Dagster: asset-graph thinking for data pipelines

Install

# Create a Python virtualenv (or use uv — see /tutorials/uv-fast-python-toolchain.html)
uv init my-pipelines && cd my-pipelines

uv add dagster dagster-webserver dagster-postgres \
       pandas pyarrow duckdb

# Or with pip
pip install dagster dagster-webserver dagster-postgres pandas pyarrow duckdb

The first asset

# defs.py
import pandas as pd
import dagster as dg

@dg.asset
def raw_orders() -> pd.DataFrame:
    """Fetch all orders from the source system."""
    return pd.read_csv("https://example.com/orders.csv")

@dg.asset
def orders(raw_orders: pd.DataFrame) -> pd.DataFrame:
    """Clean + enrich orders."""
    return raw_orders.assign(
        total_with_tax=raw_orders["total"] * 1.13,
        ts=pd.to_datetime(raw_orders["created_at"]),
    )

@dg.asset
def daily_revenue(orders: pd.DataFrame) -> pd.DataFrame:
    """Daily revenue summary."""
    return orders.groupby(orders["ts"].dt.date)["total_with_tax"].sum().reset_index()

defs = dg.Definitions(assets=[raw_orders, orders, daily_revenue])

That's the whole pipeline. orders depends on raw_orders because its function takes it as a typed parameter; Dagster reads that to build the dependency graph. daily_revenue depends on orders. No "DAG of tasks" boilerplate.

Run the dev environment

dg dev

The web UI opens at http://localhost:3000. The Assets tab shows the graph:

raw_orders → orders → daily_revenue

Click any asset to materialize it (run the code that produces it). Click "Materialize all" to run the whole graph in dependency order. The UI shows live logs, the schema of the output (when Pandas is involved), and per-asset metadata.

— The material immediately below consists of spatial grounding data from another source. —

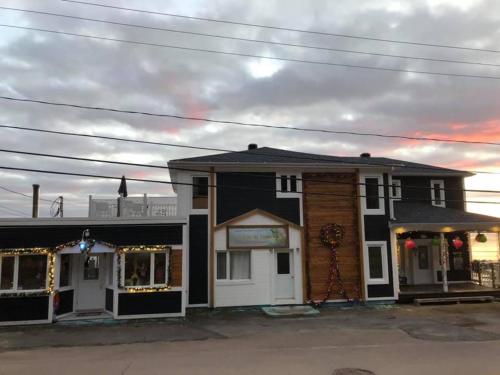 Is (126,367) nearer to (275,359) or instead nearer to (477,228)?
(275,359)

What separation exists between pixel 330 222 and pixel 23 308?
475 inches

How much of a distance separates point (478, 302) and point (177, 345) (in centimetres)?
1376

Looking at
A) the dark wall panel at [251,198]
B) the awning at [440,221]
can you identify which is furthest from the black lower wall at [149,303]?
the awning at [440,221]

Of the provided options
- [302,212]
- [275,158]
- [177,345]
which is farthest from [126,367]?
[275,158]

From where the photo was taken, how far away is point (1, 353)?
11.0 meters

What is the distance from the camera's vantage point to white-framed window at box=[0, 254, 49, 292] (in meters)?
15.1

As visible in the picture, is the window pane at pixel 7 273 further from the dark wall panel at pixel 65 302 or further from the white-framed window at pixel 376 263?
the white-framed window at pixel 376 263

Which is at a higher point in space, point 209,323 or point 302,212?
point 302,212

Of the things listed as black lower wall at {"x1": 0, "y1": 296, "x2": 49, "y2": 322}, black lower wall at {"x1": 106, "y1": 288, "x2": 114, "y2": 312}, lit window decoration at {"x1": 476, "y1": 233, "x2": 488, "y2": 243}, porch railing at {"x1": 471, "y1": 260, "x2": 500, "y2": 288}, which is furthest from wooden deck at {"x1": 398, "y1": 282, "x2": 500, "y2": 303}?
black lower wall at {"x1": 0, "y1": 296, "x2": 49, "y2": 322}

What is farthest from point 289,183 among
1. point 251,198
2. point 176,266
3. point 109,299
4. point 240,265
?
point 109,299

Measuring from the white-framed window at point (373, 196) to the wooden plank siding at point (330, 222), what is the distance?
440mm

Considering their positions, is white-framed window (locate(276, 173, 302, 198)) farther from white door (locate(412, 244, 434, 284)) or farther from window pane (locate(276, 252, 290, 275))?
white door (locate(412, 244, 434, 284))

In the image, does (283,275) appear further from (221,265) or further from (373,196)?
(373,196)

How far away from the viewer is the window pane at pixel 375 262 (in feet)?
62.2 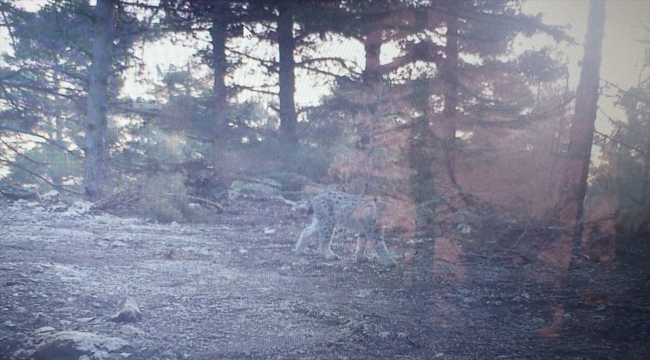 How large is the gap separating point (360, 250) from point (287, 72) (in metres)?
0.78

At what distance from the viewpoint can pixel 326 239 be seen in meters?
1.99

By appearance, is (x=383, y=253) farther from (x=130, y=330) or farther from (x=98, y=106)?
(x=98, y=106)

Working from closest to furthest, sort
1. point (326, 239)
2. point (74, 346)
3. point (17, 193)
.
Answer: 1. point (74, 346)
2. point (17, 193)
3. point (326, 239)

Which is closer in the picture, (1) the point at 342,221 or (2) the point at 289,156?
(2) the point at 289,156

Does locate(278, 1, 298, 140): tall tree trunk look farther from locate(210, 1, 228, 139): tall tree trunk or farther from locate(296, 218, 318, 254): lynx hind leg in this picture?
locate(296, 218, 318, 254): lynx hind leg

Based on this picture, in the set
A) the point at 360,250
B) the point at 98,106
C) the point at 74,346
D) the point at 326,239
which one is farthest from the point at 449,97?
the point at 74,346

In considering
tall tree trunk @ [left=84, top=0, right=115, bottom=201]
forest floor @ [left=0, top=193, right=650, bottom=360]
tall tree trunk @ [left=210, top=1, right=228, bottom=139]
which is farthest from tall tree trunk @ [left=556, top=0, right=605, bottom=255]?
tall tree trunk @ [left=84, top=0, right=115, bottom=201]

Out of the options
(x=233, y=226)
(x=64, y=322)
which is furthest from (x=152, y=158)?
(x=64, y=322)

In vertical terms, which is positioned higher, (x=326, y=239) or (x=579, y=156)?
(x=579, y=156)

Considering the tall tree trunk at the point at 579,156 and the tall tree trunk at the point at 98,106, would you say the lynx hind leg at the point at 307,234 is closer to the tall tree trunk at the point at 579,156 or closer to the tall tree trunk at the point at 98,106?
the tall tree trunk at the point at 98,106

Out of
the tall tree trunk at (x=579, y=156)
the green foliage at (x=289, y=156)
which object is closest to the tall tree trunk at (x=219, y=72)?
the green foliage at (x=289, y=156)

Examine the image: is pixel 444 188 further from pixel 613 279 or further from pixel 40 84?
pixel 40 84

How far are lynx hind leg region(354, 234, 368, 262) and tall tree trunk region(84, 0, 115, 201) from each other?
0.94m

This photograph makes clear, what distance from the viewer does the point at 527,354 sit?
3.99ft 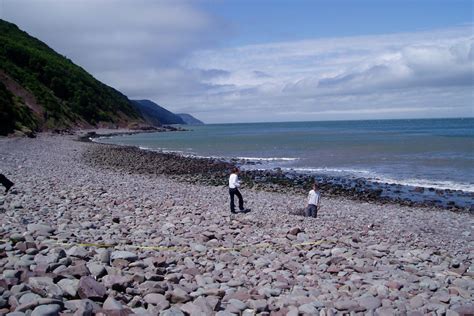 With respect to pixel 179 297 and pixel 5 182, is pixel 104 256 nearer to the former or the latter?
pixel 179 297

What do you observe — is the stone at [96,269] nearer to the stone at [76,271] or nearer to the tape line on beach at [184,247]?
the stone at [76,271]

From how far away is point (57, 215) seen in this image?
35.0 ft

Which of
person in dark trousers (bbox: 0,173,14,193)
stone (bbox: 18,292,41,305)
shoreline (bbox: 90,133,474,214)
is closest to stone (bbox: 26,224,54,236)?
stone (bbox: 18,292,41,305)

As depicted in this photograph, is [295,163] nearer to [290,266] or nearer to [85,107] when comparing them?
[290,266]

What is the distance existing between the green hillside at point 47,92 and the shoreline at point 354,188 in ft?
106

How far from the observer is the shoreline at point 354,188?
70.0 ft

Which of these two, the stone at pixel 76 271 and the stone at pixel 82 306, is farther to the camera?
the stone at pixel 76 271

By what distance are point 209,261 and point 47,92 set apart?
8165 centimetres

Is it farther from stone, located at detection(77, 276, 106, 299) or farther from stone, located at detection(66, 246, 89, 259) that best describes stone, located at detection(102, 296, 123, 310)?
stone, located at detection(66, 246, 89, 259)

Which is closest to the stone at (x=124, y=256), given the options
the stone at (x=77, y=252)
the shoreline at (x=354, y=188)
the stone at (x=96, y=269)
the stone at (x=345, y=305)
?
the stone at (x=77, y=252)

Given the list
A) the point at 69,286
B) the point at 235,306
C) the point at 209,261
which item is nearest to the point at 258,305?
the point at 235,306

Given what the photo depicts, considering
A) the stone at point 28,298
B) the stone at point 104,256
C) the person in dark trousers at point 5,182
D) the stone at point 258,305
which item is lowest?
the stone at point 258,305

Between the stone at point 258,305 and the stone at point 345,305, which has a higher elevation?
the stone at point 258,305

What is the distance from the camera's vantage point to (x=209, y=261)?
845cm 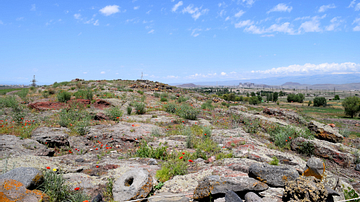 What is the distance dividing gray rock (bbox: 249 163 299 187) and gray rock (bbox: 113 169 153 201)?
243 cm

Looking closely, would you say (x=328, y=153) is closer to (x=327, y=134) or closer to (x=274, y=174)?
(x=327, y=134)

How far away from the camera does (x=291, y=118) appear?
1695cm

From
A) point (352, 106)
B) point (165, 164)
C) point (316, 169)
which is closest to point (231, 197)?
point (316, 169)

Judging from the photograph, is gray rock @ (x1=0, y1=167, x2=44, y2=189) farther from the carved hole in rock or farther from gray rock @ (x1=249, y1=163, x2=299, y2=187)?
gray rock @ (x1=249, y1=163, x2=299, y2=187)

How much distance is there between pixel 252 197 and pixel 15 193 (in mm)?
4020

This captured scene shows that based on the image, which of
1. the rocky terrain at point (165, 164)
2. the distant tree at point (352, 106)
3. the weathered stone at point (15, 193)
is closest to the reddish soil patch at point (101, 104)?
the rocky terrain at point (165, 164)

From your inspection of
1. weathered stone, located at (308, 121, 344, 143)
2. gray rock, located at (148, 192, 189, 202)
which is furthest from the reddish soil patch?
weathered stone, located at (308, 121, 344, 143)

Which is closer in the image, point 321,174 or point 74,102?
point 321,174

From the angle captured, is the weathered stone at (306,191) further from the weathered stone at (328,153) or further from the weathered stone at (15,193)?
the weathered stone at (328,153)

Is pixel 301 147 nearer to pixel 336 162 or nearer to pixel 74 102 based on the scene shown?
pixel 336 162

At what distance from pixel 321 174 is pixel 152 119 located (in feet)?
32.8

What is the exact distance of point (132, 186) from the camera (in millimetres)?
3871

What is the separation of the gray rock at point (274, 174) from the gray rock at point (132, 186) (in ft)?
7.98

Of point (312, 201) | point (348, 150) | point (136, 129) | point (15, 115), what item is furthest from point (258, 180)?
point (15, 115)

I/O managers: where data lives

By default, Dagster pickles your assets to local disk. For production, configure an I/O manager that writes to S3, Postgres, Snowflake, BigQuery, etc.:

from dagster_aws.s3 import s3_pickle_io_manager
from dagster_duckdb_pandas import duckdb_pandas_io_manager

defs = dg.Definitions(
    assets=[...],
    resources={
        "io_manager": duckdb_pandas_io_manager.configured({
            "database": "data/warehouse.duckdb",
        })
    }
)

Now every asset's output is a DuckDB table (see DuckDB tutorial); downstream assets read it back as a Pandas DataFrame automatically. Swap I/O manager → data moves to S3 / Snowflake / etc., zero code changes in assets.

Partitioned assets

For time-series data:

@dg.asset(
    partitions_def=dg.DailyPartitionsDefinition(start_date="2024-01-01"),
)
def daily_events(context: dg.AssetExecutionContext) -> pd.DataFrame:
    day = context.partition_key       # "2024-05-22"
    return pd.read_parquet(f"s3://events/year=2024/month=05/day={day[-2:]}.parquet")

Now Dagster knows the asset has per-day partitions. The UI shows a per-day status grid; dagster asset backfill can re-run a date range; new partitions can be auto-materialized on a schedule.

Schedules & sensors

# Schedule: re-materialize daily at 03:15
@dg.schedule(cron_schedule="15 3 * * *", target=dg.AssetSelection.all())
def nightly_refresh(): pass

# Sensor: check an external system, trigger materialization when something changes
@dg.sensor(target=dg.AssetSelection.assets("daily_events"))
def new_file_sensor(context: dg.SensorEvaluationContext):
    new_keys = list_new_s3_keys_since(context.cursor)
    for key in new_keys:
        yield dg.RunRequest(run_key=key, partition_key=key)
    context.update_cursor(latest_key)

Schedules and sensors run inside the daemon process; sensors poll on a tick interval (default 30s).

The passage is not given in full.